By Hunter Harris. Photograph by Landon Nordeman
Superrich Kids Get Trolled

It’s a rainy June afternoon, and most of the cast members of the new Gossip Girl are lining up to hit their cues for the Thanksgiving episode. It’s a classic Gossip Girl setup: a holiday designed to sow discord while supposedly being about gratitude. Zoya, played by Whitney Peak, the middle class (and therefore comparatively underprivileged) freshman scholarship student who just moved to town, has found herself improbably rising in the school’s social ranks, which are ruled by her half-sister, Julien, played by Jordan Alexander. Zoya answers a series of knocks on her rent-controlled Upper West Side apartment’s door to reveal, much to her surprise, a steady stream of friends and enemies, some at war with one another.

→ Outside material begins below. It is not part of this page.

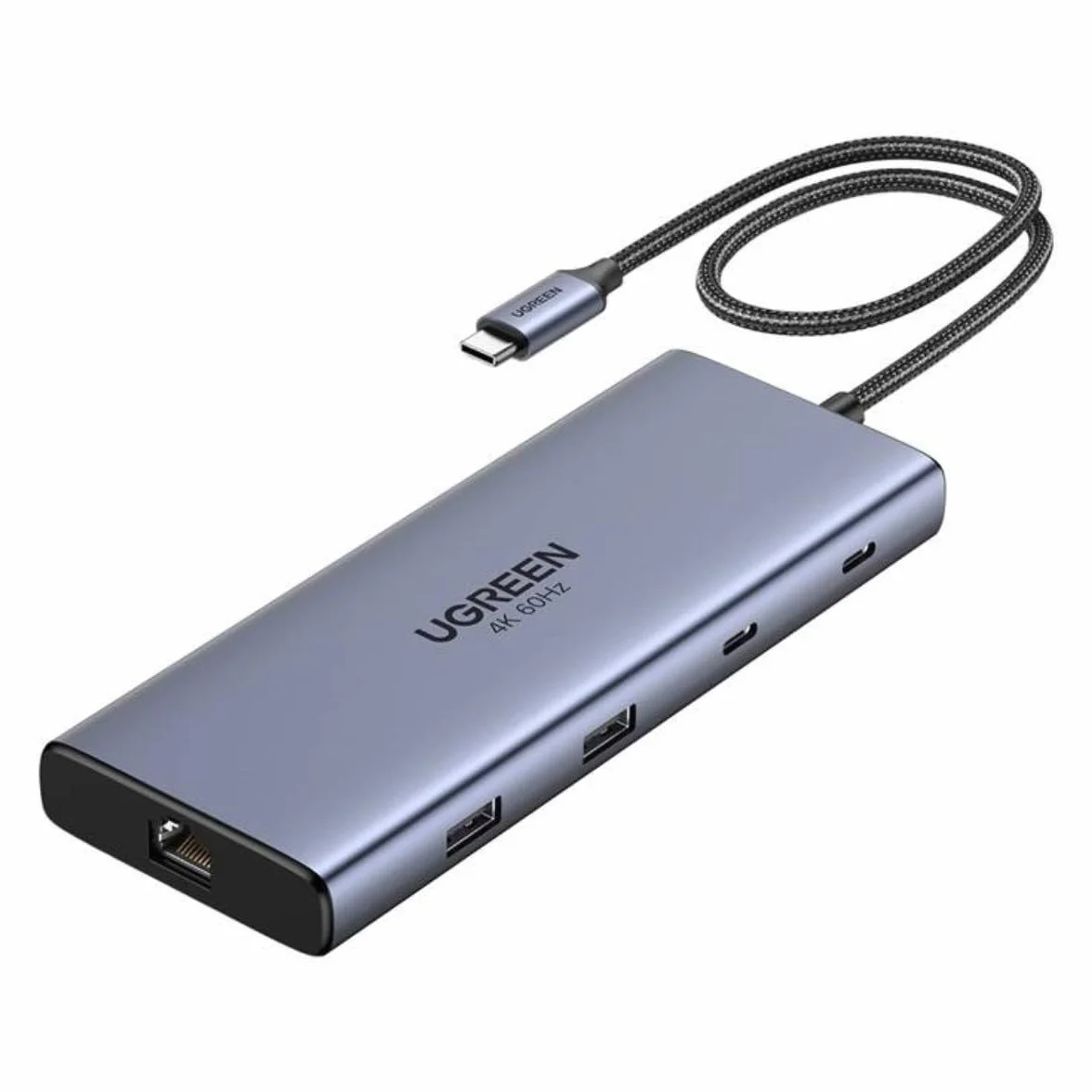 UGREEN Hub 10 w 1 USB-C 2HDMI 4K60Hz 2USB-C3.2, USB-A3.2, USB-A3.0, RJ45, SD, TF PD100W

Eleven actors float in the door and out of frame in one continuous shot. A camera operator starts spinning a wheel and the lens whips around to catch the spoiled-kid spectacle:

“What are you doing here?” “I asked you first!” “Did you know Max was—” a semi-estranged high-school couple huff in unison when their friend, who’s also the third member of a recent threesome, saunters through the door. “If we hurry, Dad, we can still make the 5 p.m. seating at Le Bernardin!” Julien, dressed in a slinky-shimmery dress, sighs.